• _ASSIGNED TASK_
Restate word for word the lines of the material below, from the line with "01-200785126: Samsung galaxy buds3" to the line with "Bernardino, CA 92408", both lines included, and no others.

• _EXCERPTED RECORDS_
<<<<

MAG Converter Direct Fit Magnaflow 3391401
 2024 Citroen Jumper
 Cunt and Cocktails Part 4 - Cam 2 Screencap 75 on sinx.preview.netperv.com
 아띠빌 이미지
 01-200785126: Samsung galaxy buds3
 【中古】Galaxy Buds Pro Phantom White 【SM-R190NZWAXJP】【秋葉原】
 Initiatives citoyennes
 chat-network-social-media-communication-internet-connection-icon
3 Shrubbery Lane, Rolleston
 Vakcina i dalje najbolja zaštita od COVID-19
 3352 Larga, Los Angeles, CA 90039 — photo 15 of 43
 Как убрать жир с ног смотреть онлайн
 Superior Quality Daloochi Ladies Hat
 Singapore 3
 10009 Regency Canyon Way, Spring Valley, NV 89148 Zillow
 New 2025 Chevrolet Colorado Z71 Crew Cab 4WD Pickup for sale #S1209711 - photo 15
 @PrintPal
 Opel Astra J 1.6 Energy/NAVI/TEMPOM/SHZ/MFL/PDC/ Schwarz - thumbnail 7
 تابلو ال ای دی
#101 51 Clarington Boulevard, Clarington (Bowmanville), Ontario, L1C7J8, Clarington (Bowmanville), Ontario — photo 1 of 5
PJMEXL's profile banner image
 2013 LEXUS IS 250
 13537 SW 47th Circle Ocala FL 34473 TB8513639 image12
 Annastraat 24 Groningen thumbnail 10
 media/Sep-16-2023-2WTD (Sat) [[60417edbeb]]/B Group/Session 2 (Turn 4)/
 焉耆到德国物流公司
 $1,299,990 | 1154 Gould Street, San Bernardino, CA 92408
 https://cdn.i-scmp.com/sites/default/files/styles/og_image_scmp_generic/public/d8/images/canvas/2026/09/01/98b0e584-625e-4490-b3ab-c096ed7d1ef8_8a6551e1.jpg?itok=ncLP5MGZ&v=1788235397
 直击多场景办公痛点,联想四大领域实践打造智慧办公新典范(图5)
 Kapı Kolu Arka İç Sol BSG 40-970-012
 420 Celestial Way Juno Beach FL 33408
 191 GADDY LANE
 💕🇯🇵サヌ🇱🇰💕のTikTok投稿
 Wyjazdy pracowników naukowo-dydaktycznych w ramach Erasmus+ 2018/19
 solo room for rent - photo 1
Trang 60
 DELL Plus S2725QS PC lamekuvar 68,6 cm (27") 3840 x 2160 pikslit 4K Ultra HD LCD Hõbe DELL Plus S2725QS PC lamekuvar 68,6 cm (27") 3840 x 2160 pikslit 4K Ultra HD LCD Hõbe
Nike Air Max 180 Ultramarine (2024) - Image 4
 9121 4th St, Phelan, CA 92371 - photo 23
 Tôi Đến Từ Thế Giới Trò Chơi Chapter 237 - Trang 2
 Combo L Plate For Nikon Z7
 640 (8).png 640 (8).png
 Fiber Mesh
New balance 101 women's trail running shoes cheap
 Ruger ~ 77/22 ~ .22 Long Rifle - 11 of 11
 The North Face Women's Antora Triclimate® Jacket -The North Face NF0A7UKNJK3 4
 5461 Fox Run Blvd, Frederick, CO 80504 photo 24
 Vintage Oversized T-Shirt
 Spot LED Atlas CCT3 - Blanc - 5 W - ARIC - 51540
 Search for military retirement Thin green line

>>>>

• _WRITTEN RESPONSE_
 01-200785126: Samsung galaxy buds3
 【中古】Galaxy Buds Pro Phantom White 【SM-R190NZWAXJP】【秋葉原】
 Initiatives citoyennes
 chat-network-social-media-communication-internet-connection-icon
3 Shrubbery Lane, Rolleston
 Vakcina i dalje najbolja zaštita od COVID-19
 3352 Larga, Los Angeles, CA 90039 — photo 15 of 43
 Как убрать жир с ног смотреть онлайн
 Superior Quality Daloochi Ladies Hat
 Singapore 3
 10009 Regency Canyon Way, Spring Valley, NV 89148 Zillow
 New 2025 Chevrolet Colorado Z71 Crew Cab 4WD Pickup for sale #S1209711 - photo 15
 @PrintPal
 Opel Astra J 1.6 Energy/NAVI/TEMPOM/SHZ/MFL/PDC/ Schwarz - thumbnail 7
 تابلو ال ای دی
#101 51 Clarington Boulevard, Clarington (Bowmanville), Ontario, L1C7J8, Clarington (Bowmanville), Ontario — photo 1 of 5
PJMEXL's profile banner image
 2013 LEXUS IS 250
 13537 SW 47th Circle Ocala FL 34473 TB8513639 image12
 Annastraat 24 Groningen thumbnail 10
 media/Sep-16-2023-2WTD (Sat) [[60417edbeb]]/B Group/Session 2 (Turn 4)/
 焉耆到德国物流公司
 $1,299,990 | 1154 Gould Street, San Bernardino, CA 92408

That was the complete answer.